Gdy nauczyciel matematyki myśli o dodawaniu ułamków zwykłych o tym samym mianowniku, zwykle czuje (sama tak miałam!), że to tylko pierwszy krok, że “prawdziwe” dodawanie ułamków zacznie się później, gdy trzeba będzie szukać wspólnego mianownika.
Jest w tym sporo prawdy – faktycznie dodawanie ułamków o różnych mianownikach jest zdecydowanie bardziej złożonym procesem, opierającym się o fundament dodawania przy jednakowych mianownikach. Tym bardziej jednak musimy zadbać o wszystkie elementy fundamentu, żeby móc budować dalej. Okazuje się, że trudności może pojawić się całkiem sporo już na tym etapie! Jednak jeśli wiemy o wszystkich, oddzielimy je, będziemy stopniować trudność, to jak zwykle droga krok po kroku okaże się osiągalna dla każdego 🙂
Jak zwykle będę pokazywać działania na montessoriańskiej pomocy. Osoby, które nie mają jeszcze montessoriańskich ułamków zwykłych, zapraszam do wpisu o tym, jak zrobić je samemu 🙂
Wszystkie opisane Bazy 75-78 (zestawy przykładów do rozwiązania, pogrupowanych według zdobywanej umiejętności) znajdują się poniżej:
Jak dodawać ułamki?
Dodawanie ułamków odbywa się na konkrecie dokładnie tak samo jak dodawanie liczb całkowitych. Tym razem jednak konkret jest trochę inny, a czasami musimy się trochę nagłowić, zanim wynik przedstawimy w takiej postaci, którą można zapisać.

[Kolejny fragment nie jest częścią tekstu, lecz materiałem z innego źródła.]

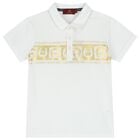 Boys White & Gold Polo Shirt, 1, hi-res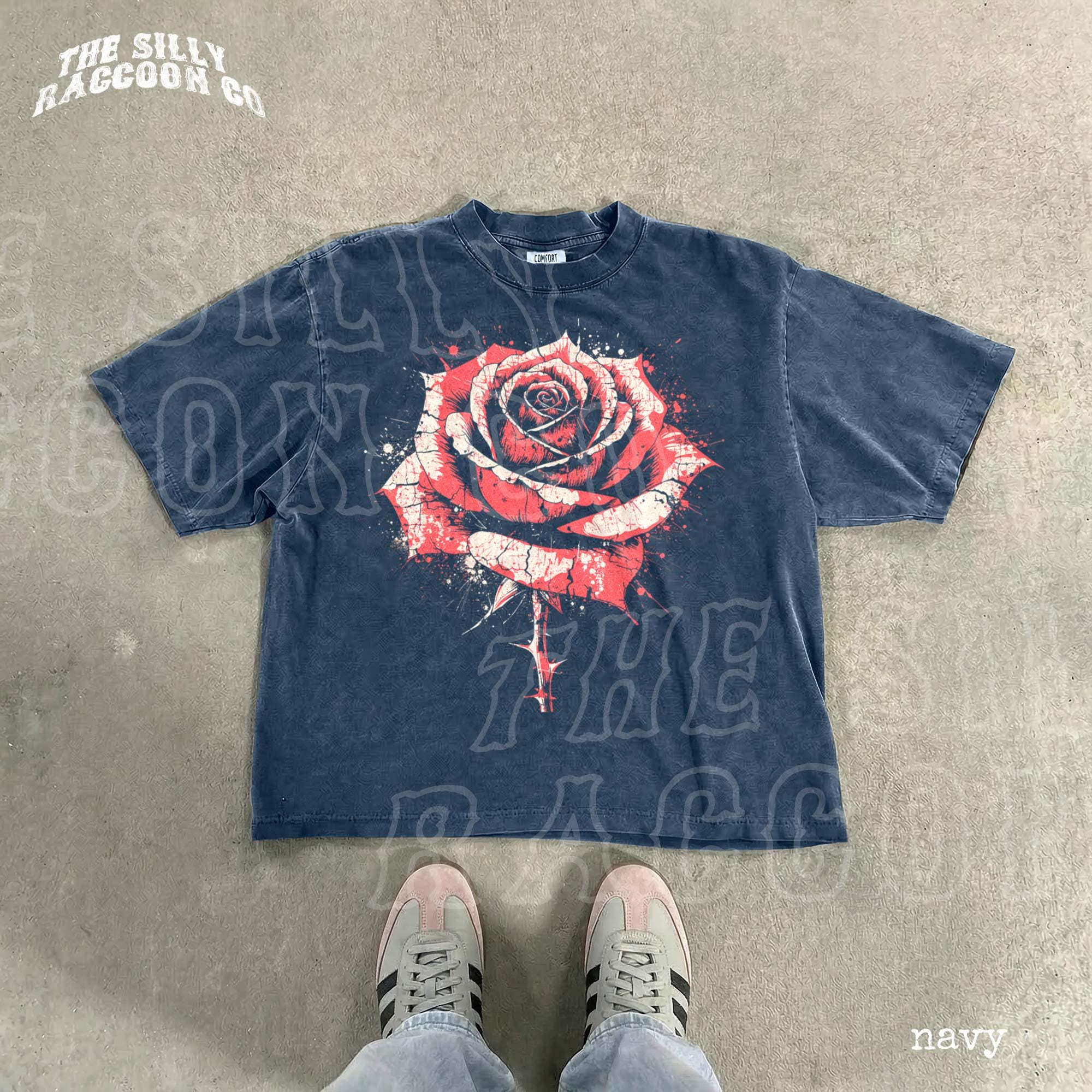 Grunge Rose Shirt Tattoo Art Floral Graphic Tee Edgy Alternative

Jeśli dodajemy dwa ułamki o tym samym mianowniku, nie powinno nam to nastręczyć większych kłopotów. Wystarczy ułożyć oba dodawane ułamki i zobaczyć, jaki ułamek tworzą razem?
O, proszę:
Już widać, że dwie siódme dodać cztery siódme to sześć siódmych.
A tutaj? Układamy trzy siódme i jedną siódmą i widać, że razem to…
cztery siódme!
Jeśli na tym etapie pracy na konkrecie pojawia się jakś kłopot, to źródło może być tylko jedno: trudności z układaniem i nazywaniem ułamków. Być może potrzebny będzie powrót do tego tematu 🙂
Co dodać, co przepisać…?
Pierwsze kłopoty, raczej drobne i chwilowe, mogą pojawić się na etapie przejścia do abstrakcji. Początkowo potrzebne jest spore skupienie, żeby z dwóch ułamków odczytać potrzebne do dodawania informacje i wykonać na nich odpowiednie operacje (mianownik przepisać, a liczniki dodać).

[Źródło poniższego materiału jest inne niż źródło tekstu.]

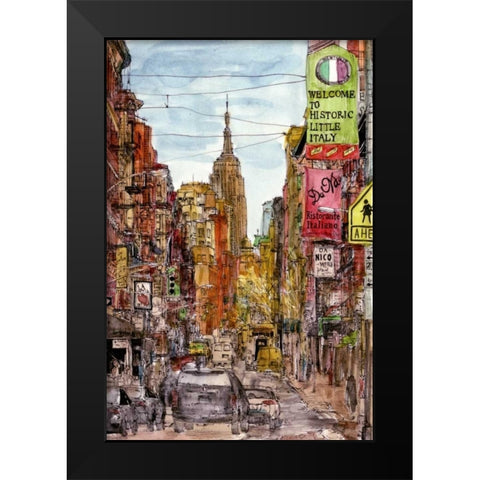 City Scene II Black Modern Wood Framed Art Print by Wang, Melissa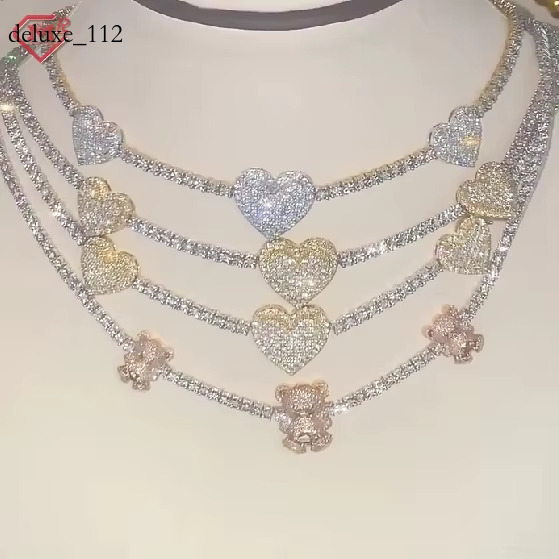 Customized Mens Vvs Chain Waterproof 4mm Sier Clover Heart Women Iced Out Dia Moissanite Tennis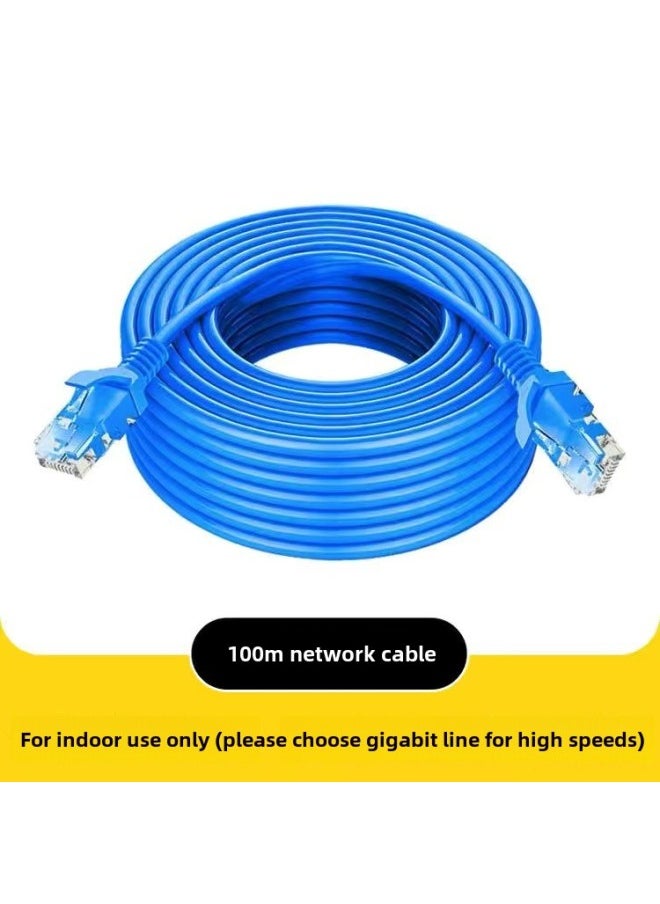 Generic Gigabit Network Cable Category 5 Category 6 Twisted Pair CAT5/6 Network Cable Jumper Broadband Network Cable Finished Network Cable-Color:100 M Five Blue-Line Length:1 M  - Image 1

Jeśli dziecku sprawia to kłopot, dokładam etap przejściowy, na którym zadaje sobie kolejno pytania:
- jakie części dodajemy (tu trzeba sprawdzić mianowniki ułamków, na tym etapie powinny być jednakowe),
- jakie części otrzymamy (takie same – jeśli dodajemy części siódme, to otrzymamy części siódme, tutaj możemy już w wyniku wpisać mianownik,
- ile części dodajemy (tu wskazujemy na liczniki, np. dwie części siódme i cztery części siódme),
- ile części otrzymamy (dwie i cztery części to razem sześć, liczbę tę wpisujemy w liczniku wyniku).

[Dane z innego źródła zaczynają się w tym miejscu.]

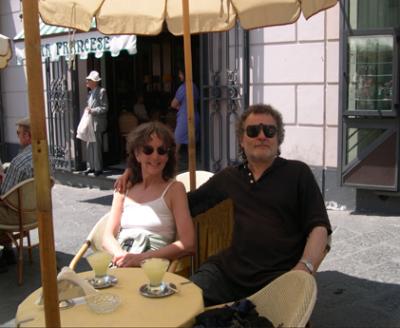Judy and Richard having lemon granitas and doing some people-watching on the Piazza Duomo. Rare for Judy not to have espresso.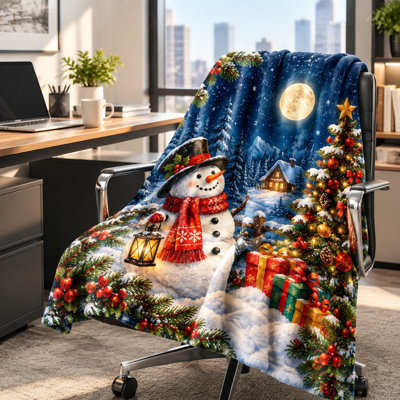 Festive Snowman & Christmas Tree Blanket, Cozy Winter Scene Print Plush Throw for Sofa, Couch, Bedroom, Living Room Holiday Decor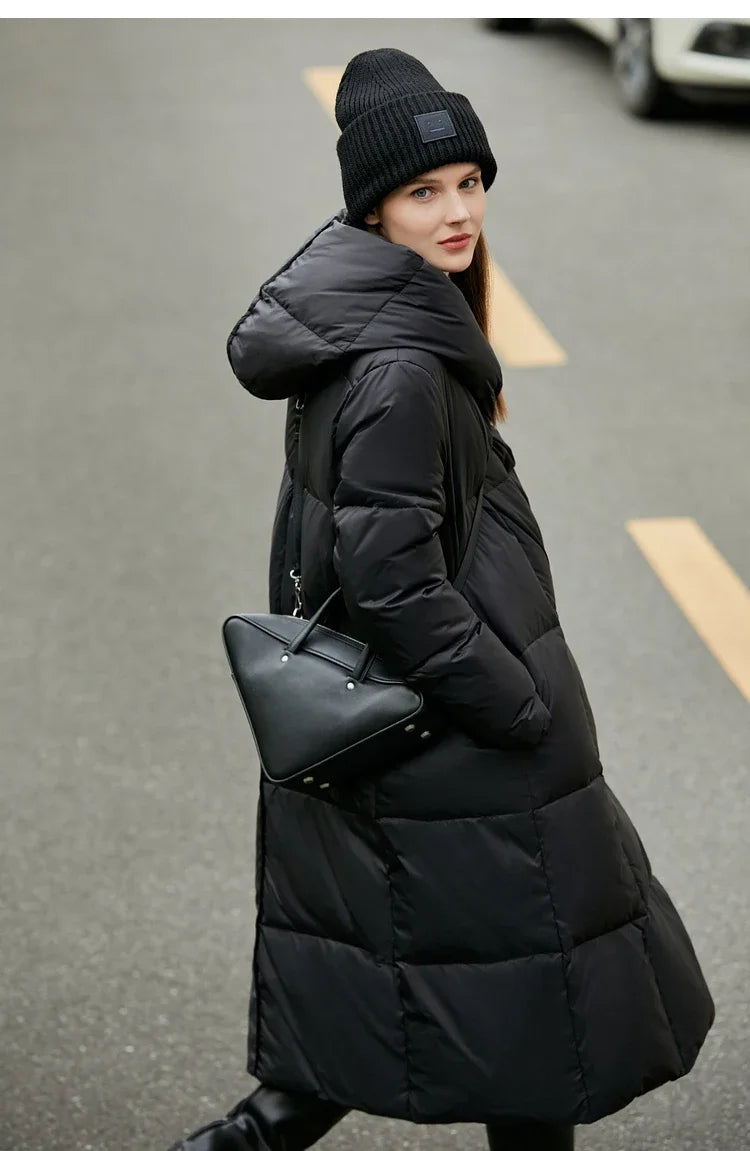 AMII Minimalist 2025 Down Jacket Coat Women Winter Warm Long Bread Puffer Coat Light Thick Quality Fashion Outerwear 12324060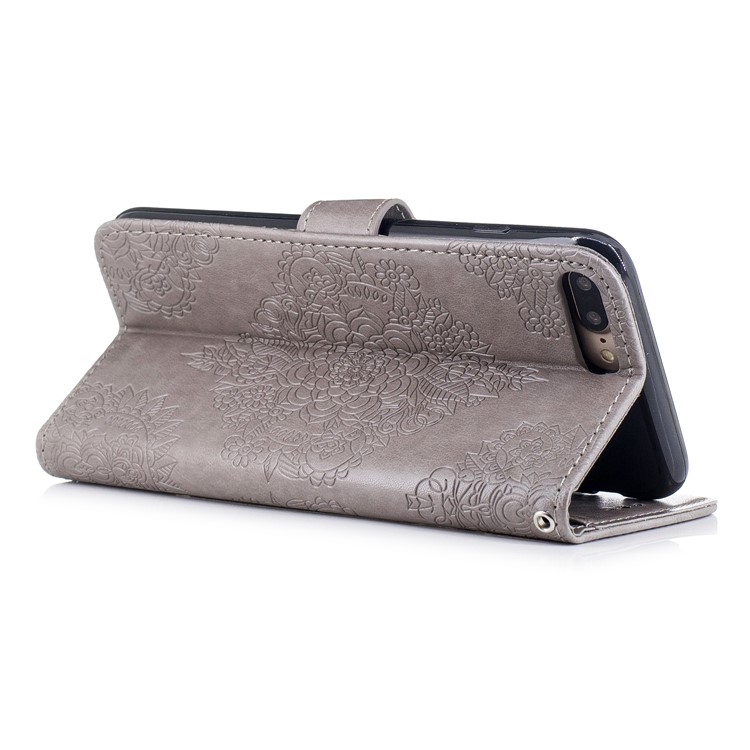 Imprint Classical Flower Pattern Leather Wallet Stand Case with Strap for iPhone 8 Plus / 7 Plus 5.5 inch - Grey-3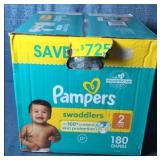 Pampers Swaddlers Diapers, Size 2 (12-18 Pounds), 180 Count. - Retail: $60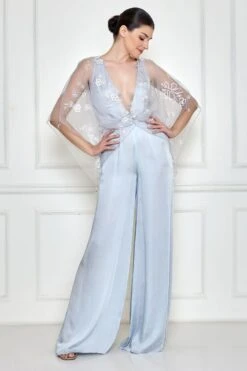 Dilnaz Ice Grey Sequinned Kaftan & Jumpsuit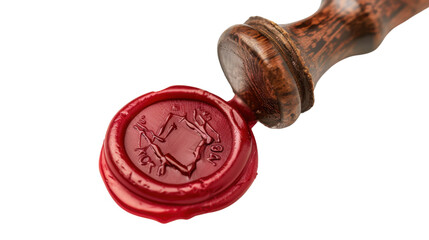 Wooden stamp making red wax seal on transparent background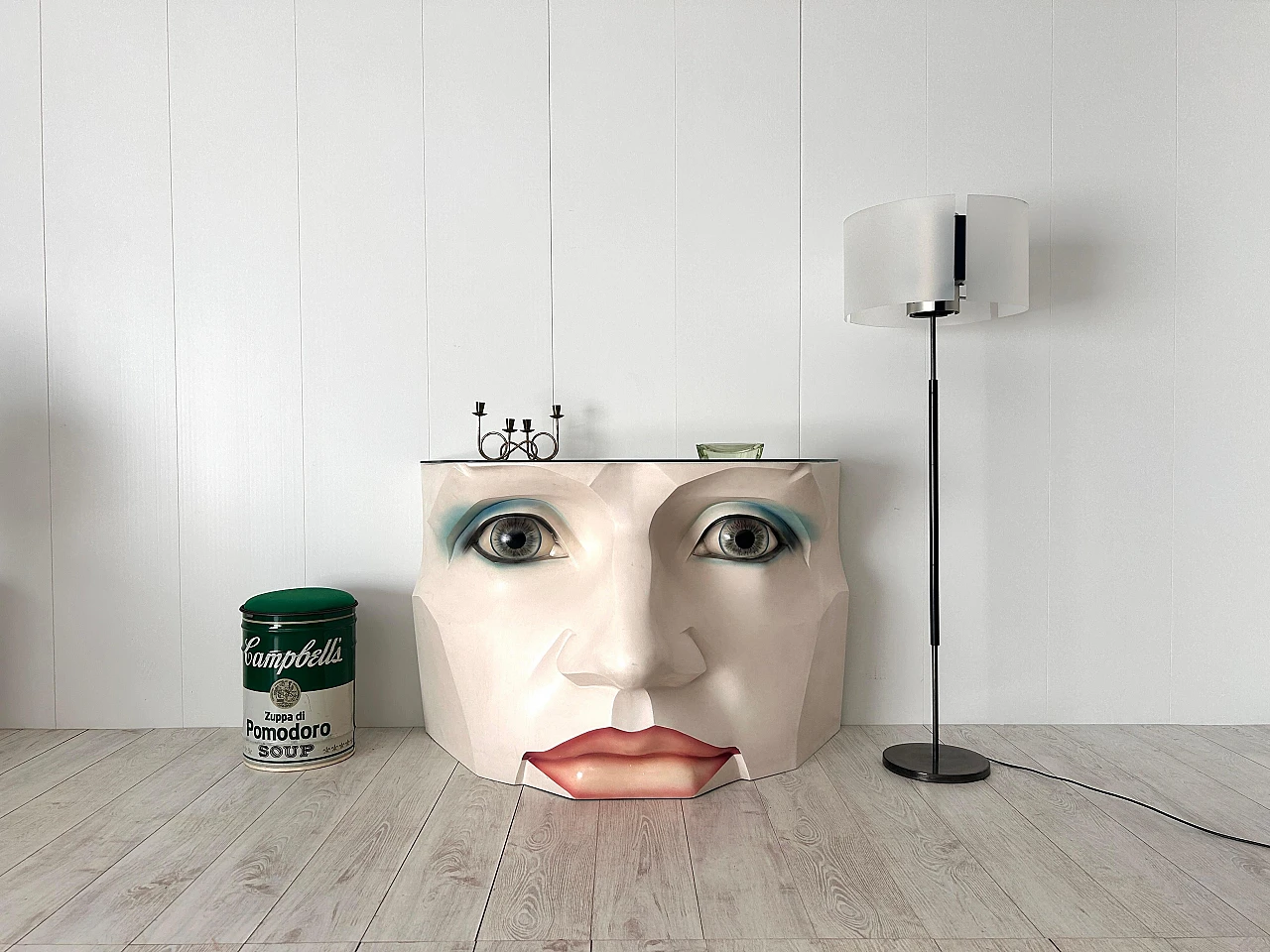Sculptural fiberglass console with female face, 1980s 16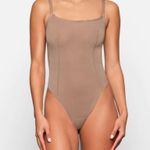 SKIMS NEW Sheer Sculpt Thong Spaghetti Strap Wide Neck Bodysuit Tan Small Photo 0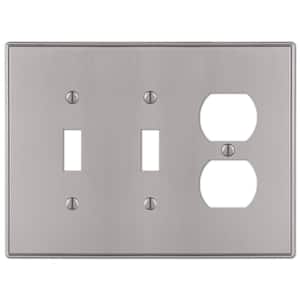 Ansley 3 Gang 2-Toggle and 1-Duplex Metal Wall Plate - Brushed Nickel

Mając takie pytania, łatwiej jest przejść do abstrakcji. Takie podstawowe przykłady z dodawania ułamków zwykłych zebrałam w Bazie 75. Pierwsza część zawiera przykłady, które można wykonać na pomocy. Druga część wymaga już pracy abstrakcyjnej ze względu na większe mianowniki.
Przekraczanie całości
Zwykle pierwszym zaskoczeniem, które może nas spotkać, jest to, że suma dwóch ułamków może przekroczyć jeden. Spróbujmy dodać cztery siódme i sześć siódmych. Możemy zrobić to dokładnie tak, jak poprzednio. Tym razem po prostu wynik “nie mieści się” na jednym kole:
Co w takim razie? Można się zupełnie nie przejmować 😉 i liczyć tak jak poprzednio: otrzymamy części siódme i będzie ich 4+6=10. To oznacza, że wynikiem jest dziesięć siódmych. Możemy na tym poprzestać, ale też dobrze jest umieć zamienić taki wynik na liczbę mieszaną. Tutaj podkreślę, że nie zawsze, nie w każdym zadaniu i sytuacji warto to robić. Przyjęło się, by robić to co najmniej na końcu obliczeń. Oraz oczywiście wtedy, kiedy nam to umożliwi czy ułatwi obliczenia 🙂
Jak dokonać takiej zamiany? O tym pisałam już we wcześniejszym artykule. Teraz pora połączyć tę umiejętność z dodawaniem. Wykonujemy dodawanie, a potem “wyciągamy całości”. Zachęcam uczniów, by zapisali ułamek niewłaściwy otrzymany “po drodze” do ostatecznego wyniku.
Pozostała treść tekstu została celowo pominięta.